Not happy, in part because of the time its taken, but mainly because the solution is totally unsatisfactory. It's an off the shelf (COTS) package so making changes beyond a few "customisations" is out of the question and the supplier has been unwilling to accept the problem is within the product and instead points to our "environment" and "customisations" - of which, IMHO, neither are particularly odd.

At root there are really two problems.

One - a single JVM can only handle 10 tps according to the supplier (transaction/page requests/second). Our requirement is around 50.

Two - performance degrades over time to unacceptable levels if a JVM is stressed hard. So 10tps realistically becomes more like 1 to 2 tps after a couple of days of soak testing.

So we've done a lot of testing - stupid amounts of testing! Over and over, tweaking this and that, changing connection and thread pools, JVM settings, memory allocations etc. with pretty much no luck. We've checked the web-servers, the database, the queue configuration (itself an abomination of a setup), the CPU is idle, memory is plentiful, garbage-collection working a treat, disk IO is non-existent, network-IO measured in the Kb/sec. Nada! Except silence from the supplier...

And then we've taken thread dumps and can see stuck threads and lock contention so we know roughly where the problem lies, passed this to the supplier, but still, silence...

Well, not quite silence. They finally offered that "other customers don't have these issues" and "other customers typically run 20+ JVMs"! Excuse me? 20 JVMs is typical..? wtf!? So really they're admitting that the application doesn't scale within a JVM. That it cannot make use of resources efficiently within a JVM and that the only way to make it work is to throw more JVMs at it. Sounds to me like a locking issue in the application - one that no doubt gets worse as the application is stressed. Well at least we have a fix...
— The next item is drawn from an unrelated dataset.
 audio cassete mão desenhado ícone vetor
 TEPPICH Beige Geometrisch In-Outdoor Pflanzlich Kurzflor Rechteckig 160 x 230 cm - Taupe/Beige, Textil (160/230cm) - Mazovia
This means that we've ended up with 30 JVMs across 10 servers (VMs) for one component to handle a pathetic 50tps! - something I would expect 2 or 3 servers to handle quite easily given the nature of the application (the content delivery aspect of a content management system). And the same problem pervades the applications other components so we end up with 50 servers (all VMs bar a physical DB cluster) for an application handling 50 tps... This is not efficient or cost effective.

There are also many other issues with the application including such idiocies as synchronous queueing, a total lack of cache headers (resulting in a stupid high hit-rate for static resources) and really badly implemented Lucene indexing (closing and opening indexes continually). It is, by some margin, the worst COTS application I have had the misfortunate to come across (I'll admit I've seen worse home-grown ones so not sure what that leaves us in the buy-v-build argument...).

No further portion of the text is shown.